We previously blogged about insurance companies not wanting to provide coverage to snow and ice removal service providers. We noted that Bill 118 was trying to address some of the underlying concerns. Bill 118 received royal assent on December 8, 2020, but the changes are not exactly what those in the snow removal industry were hoping for. That said, Bill 118 does materially change how lawsuits arising out of snow and ice injuries can be brought. Once the changes come into effect, no one will be able to bring a claim for damages arising from snow and ice injuries unless they comply with the following:
- The plaintiff must provide written notice of the claim within 60 days of the injury.
- The notice must contain the date, time, and location of the personal injury event.

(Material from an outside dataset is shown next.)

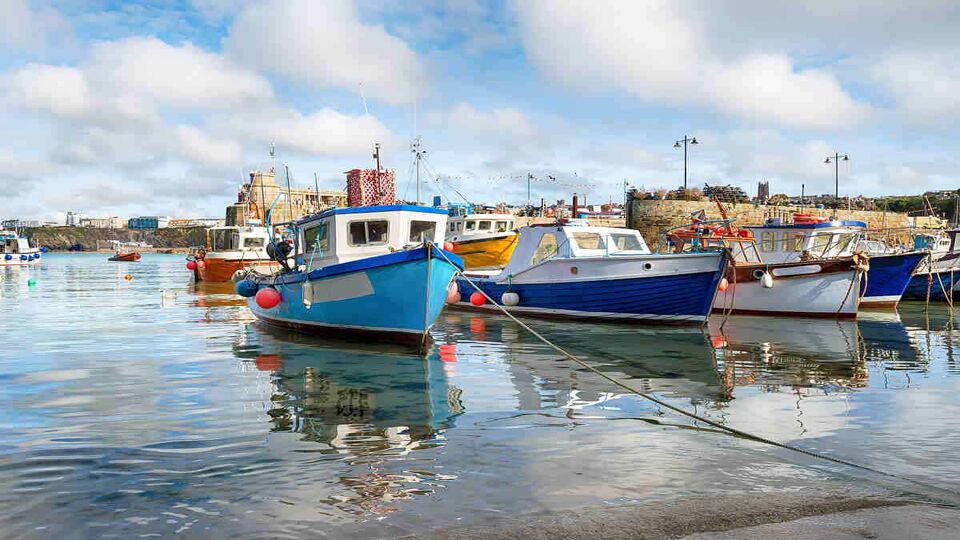 Fishing boats in a harbour in the isles of scilly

- The notice must be served or sent by registered mail to the occupier or the contractor employed by the occupier (note that condominium corporations are deemed to be the occupier of the common elements at law).
While many in the snow removal industry were hoping for a 10 day limitation period, the reduction from 2 years to 2 months is significant.

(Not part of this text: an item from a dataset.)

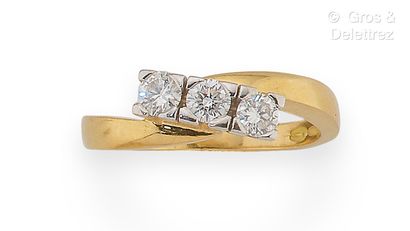 null Yellow gold "Crossed" ring, held by three brilliant-cut diamonds. Finger size...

Condominium corporations and management should pay close attention to these changes. Firstly, with insurance premiums skyrocketing (for both condos and snow removal providers), limiting claims is critical. If the written notice is not provided or provided beyond the 60 day period, a condo corporation may be able to have the claim dismissed regardless of underlying liability for the injury. Bill 118 does make exceptions for the 60 day period if the injury resulted in death or if the court is satisfied that there is a reasonable excuse for the delayed notice and the defendant (condo corporation, snow removal company etc.) is not prejudiced in its ability to defend the claim.

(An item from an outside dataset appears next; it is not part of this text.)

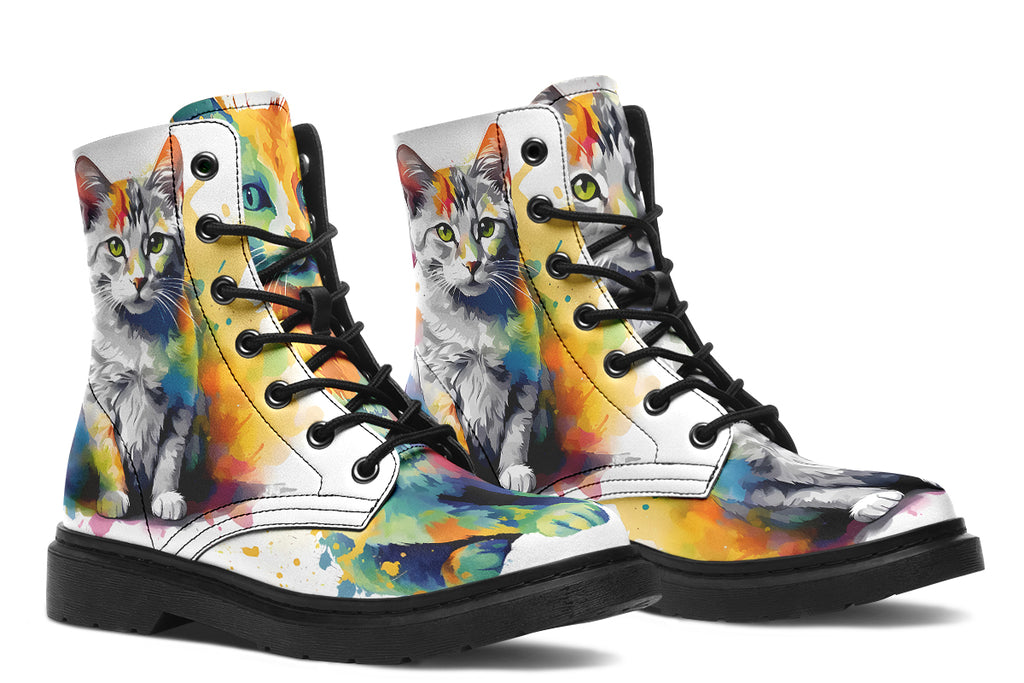 White boots, each with a different cat image, with watercolour splashes of colour coming out from behind them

Secondly, once a condo corporation is served with the written notice of the claim, the condo corporation has to personally serve its contractor and any other occupier (shared facilities, other condo corporations etc.) without delay.
Given these changes, it is critical that in addition to ensuring that snow removal service providers are properly insured, condo corporations must document any injuries and make certain that all staff (management, security and concierge, superintendent, admin. staff etc.) are aware of the notice and timing requirements. We recommend that all condo corporations prepare a written policy explaining the timing, notice requirements and procedures.